The frequent reaction to stats like these is to scapegoat the IT folks by finding fault with their tools, processes, or skills. If we just had a more efficient methodology, or a slick development suite, or a more highly skilled team, or a better project process, were more agile, or whatever, then application projects would be on time, resulting systems would be faultless, and we could drive down outrageous IT costs.
Mr. Ambler plays out the IT perspective in this column about Agile project estimation. Here’s how I paraphrase the gist of his logic: you can’t accurately estimate early on due to normal uncertainty of high level requirements; you will get new requirements that will expand scope. If you offer a range of predicted outcomes, management will hold you to the most optimistic, which will turn out to be a gross underestimate. Your best strategy is to use an accurate estimation method (net or average velocity, described in the article), and be straight with management even if they “don’t like what they are hearing”.
Based on my experience that sequence of events can be distressingly true to life. But I’ve been on the other kind of IT project as well, the kind that ends on time, stays on budget, and satisfies the business. The scope of Mr. Ambler’s article doesn’t include asking why the requirements are changing so drastically, but if it had, maybe he would have asked questions like these:
- Does the business unit involved have defined objectives and processes?
- Are strategic and tactical business objectives of the project defined, and do they support the business unit’s objectives?
- Are the critical business success factors of the project defined?
- Does the new project change business processes and if so have the new ones been defined yet?
- Are there documented business requirements and a process for evaluating/approving changes?
Based on what I’ve seen requirements shifts that nearly double the cost of an IT project, like the ones Mr. Ambler describes, result from inadequate business definition and business requirements analysis. Of course it is true that the “initial high-level requirements and architecture envisioning” early in a typical project only enables an estimate “in the +/- 30% range”. But effective requirements and architecture definition, when based on effective business definition, can enable a much closer estimate.

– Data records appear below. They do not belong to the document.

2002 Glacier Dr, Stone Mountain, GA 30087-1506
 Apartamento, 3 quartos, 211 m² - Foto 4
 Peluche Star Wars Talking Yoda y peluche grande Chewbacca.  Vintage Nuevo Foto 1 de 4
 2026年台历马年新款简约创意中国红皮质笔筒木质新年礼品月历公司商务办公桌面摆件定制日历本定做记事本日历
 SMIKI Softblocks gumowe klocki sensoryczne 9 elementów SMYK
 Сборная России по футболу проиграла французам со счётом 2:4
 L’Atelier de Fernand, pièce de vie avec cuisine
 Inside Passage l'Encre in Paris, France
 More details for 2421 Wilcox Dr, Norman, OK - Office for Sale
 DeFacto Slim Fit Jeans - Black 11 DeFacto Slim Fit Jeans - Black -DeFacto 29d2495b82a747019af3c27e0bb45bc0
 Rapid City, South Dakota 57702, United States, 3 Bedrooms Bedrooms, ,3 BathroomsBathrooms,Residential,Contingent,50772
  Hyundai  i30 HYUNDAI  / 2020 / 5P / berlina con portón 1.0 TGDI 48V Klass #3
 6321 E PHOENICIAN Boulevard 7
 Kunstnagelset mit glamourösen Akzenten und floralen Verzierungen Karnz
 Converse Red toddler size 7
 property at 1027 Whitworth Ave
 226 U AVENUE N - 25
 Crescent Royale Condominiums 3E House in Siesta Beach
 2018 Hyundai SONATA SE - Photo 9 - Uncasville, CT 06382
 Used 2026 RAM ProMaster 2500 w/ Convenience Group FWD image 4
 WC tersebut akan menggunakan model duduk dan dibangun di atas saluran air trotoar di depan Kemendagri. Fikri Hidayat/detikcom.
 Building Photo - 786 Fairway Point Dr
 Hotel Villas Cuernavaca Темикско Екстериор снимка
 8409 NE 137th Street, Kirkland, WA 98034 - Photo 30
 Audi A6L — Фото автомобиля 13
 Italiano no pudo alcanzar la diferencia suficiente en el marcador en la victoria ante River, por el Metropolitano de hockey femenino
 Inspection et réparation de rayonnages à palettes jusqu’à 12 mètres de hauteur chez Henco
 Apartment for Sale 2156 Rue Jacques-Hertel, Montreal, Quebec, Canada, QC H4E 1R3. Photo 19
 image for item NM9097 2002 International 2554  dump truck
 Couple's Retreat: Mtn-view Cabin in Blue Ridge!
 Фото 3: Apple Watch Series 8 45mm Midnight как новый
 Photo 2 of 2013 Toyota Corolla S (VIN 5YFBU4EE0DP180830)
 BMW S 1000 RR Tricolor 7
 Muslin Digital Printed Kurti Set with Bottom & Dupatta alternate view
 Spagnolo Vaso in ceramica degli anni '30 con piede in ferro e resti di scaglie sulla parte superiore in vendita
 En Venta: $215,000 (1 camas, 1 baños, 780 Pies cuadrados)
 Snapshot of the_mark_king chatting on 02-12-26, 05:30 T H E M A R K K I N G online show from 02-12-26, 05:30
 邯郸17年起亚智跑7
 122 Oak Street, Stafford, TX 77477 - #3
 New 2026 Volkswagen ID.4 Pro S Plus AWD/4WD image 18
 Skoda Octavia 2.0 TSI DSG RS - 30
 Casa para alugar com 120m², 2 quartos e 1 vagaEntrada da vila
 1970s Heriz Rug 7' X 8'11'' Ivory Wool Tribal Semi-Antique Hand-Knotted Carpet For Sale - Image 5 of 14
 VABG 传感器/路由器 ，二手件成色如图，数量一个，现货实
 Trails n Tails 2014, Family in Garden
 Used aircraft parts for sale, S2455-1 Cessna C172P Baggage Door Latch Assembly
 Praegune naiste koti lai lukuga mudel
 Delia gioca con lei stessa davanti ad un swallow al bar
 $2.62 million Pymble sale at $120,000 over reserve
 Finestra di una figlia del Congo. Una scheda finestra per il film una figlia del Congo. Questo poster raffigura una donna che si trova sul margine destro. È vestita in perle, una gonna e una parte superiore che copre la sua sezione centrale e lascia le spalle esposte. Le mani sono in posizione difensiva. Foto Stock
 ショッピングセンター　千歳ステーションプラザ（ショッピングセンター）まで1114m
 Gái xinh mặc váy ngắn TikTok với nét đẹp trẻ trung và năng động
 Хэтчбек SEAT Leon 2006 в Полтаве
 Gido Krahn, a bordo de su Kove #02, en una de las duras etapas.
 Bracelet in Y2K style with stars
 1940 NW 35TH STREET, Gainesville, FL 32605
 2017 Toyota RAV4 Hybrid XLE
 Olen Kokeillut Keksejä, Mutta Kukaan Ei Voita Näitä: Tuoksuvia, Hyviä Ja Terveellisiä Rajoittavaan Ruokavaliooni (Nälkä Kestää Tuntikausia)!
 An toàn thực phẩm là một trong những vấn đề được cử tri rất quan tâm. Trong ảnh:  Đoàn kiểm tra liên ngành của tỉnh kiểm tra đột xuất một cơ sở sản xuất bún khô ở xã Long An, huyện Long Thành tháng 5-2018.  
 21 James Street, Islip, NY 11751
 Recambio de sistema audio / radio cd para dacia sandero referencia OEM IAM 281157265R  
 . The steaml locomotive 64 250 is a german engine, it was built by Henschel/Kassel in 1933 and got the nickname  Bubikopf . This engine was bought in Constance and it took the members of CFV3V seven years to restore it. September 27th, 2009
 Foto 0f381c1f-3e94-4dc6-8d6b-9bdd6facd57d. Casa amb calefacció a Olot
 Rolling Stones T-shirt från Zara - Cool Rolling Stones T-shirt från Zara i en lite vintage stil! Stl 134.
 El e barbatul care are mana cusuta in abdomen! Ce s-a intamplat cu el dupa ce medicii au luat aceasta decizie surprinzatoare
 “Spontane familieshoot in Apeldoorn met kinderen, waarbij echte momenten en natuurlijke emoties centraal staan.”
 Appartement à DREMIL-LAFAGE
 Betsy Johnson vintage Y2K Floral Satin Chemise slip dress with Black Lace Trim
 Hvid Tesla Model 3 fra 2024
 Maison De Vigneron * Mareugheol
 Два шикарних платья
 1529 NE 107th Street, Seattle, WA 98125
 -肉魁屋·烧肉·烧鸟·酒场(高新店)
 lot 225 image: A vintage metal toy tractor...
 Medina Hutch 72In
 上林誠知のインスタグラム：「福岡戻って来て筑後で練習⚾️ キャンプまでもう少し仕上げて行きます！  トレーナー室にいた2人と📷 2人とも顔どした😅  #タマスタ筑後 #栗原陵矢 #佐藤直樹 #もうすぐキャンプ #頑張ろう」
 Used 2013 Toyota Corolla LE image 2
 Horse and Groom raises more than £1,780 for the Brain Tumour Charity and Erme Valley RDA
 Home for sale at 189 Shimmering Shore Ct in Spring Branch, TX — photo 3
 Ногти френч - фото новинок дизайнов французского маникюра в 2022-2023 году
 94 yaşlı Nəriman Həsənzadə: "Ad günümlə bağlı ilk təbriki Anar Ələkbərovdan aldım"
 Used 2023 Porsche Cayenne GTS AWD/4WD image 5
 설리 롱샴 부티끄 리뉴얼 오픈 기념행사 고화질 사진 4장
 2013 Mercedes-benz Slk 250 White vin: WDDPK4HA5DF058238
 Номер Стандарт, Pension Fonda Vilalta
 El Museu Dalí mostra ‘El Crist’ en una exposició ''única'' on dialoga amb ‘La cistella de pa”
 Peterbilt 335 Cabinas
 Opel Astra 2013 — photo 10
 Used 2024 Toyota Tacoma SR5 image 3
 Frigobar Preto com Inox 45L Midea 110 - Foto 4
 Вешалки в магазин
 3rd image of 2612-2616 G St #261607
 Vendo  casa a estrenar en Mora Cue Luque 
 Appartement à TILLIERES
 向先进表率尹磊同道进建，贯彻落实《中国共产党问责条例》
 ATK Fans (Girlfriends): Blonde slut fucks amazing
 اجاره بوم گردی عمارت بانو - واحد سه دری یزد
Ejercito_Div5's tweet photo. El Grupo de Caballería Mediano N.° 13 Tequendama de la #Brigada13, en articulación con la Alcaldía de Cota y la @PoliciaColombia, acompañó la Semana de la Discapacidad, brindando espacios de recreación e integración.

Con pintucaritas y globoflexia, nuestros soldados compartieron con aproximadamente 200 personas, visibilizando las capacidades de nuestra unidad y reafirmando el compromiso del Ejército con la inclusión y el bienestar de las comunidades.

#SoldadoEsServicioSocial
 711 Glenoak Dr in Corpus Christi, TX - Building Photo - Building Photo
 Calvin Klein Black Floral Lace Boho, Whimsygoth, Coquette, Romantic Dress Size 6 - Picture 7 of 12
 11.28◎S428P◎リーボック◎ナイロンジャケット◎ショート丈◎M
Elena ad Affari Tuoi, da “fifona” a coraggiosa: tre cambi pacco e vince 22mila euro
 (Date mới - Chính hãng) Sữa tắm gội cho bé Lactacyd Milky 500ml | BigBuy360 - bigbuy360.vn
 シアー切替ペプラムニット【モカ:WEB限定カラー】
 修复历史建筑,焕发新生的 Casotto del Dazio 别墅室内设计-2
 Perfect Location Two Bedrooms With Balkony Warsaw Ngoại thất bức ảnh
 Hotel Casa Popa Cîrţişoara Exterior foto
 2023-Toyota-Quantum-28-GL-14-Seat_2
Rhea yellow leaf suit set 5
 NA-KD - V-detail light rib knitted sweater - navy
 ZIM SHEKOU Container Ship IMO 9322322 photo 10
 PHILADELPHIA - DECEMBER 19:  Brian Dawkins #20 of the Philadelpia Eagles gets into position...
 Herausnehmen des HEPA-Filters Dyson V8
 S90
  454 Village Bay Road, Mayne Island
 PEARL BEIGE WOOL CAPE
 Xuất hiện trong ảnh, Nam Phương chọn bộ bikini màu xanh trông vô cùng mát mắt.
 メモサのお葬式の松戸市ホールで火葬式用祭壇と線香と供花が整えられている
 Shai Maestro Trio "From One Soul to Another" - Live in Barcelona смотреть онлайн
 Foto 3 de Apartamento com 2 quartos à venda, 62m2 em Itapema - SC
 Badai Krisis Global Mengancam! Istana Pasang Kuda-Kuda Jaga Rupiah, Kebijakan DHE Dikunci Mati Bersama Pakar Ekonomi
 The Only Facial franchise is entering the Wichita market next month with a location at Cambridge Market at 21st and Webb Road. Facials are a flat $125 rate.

Further, it is possible to accurately estimate how long it will take to provide the more accurate estimate.
In some cases the business definition prerequisites clearly don’t yet exist at the outset of an application development effort. One thing I’ve seen work in such cases is to divide the project into two separate projects: one to closely define the effort, and if needed make up for any lacking business definition, and another to build, test, and install the application. In between the two phases management will have the opportunity to review the costs/benefits of the project and evaluate whether to continue or not. This post describes one project that successfully used that strategy.
Please don’t read this as repudiation of Agile methods and advocation of “big requirements up front”. Agile methods work well whether or not business prerequisites are defined, but they seem not to work well when (1) the project’s goals shift with evolving business definition and (2) the plan and budget aren’t adjusted accordingly.
Business definition, completed as part of a discrete requirements phase, that leads to a management decision to continue or not, gives the team the opportunity to build on a solid business foundation. It also gives management a reasonable estimate and a chance to bail if the project isn’t worth it.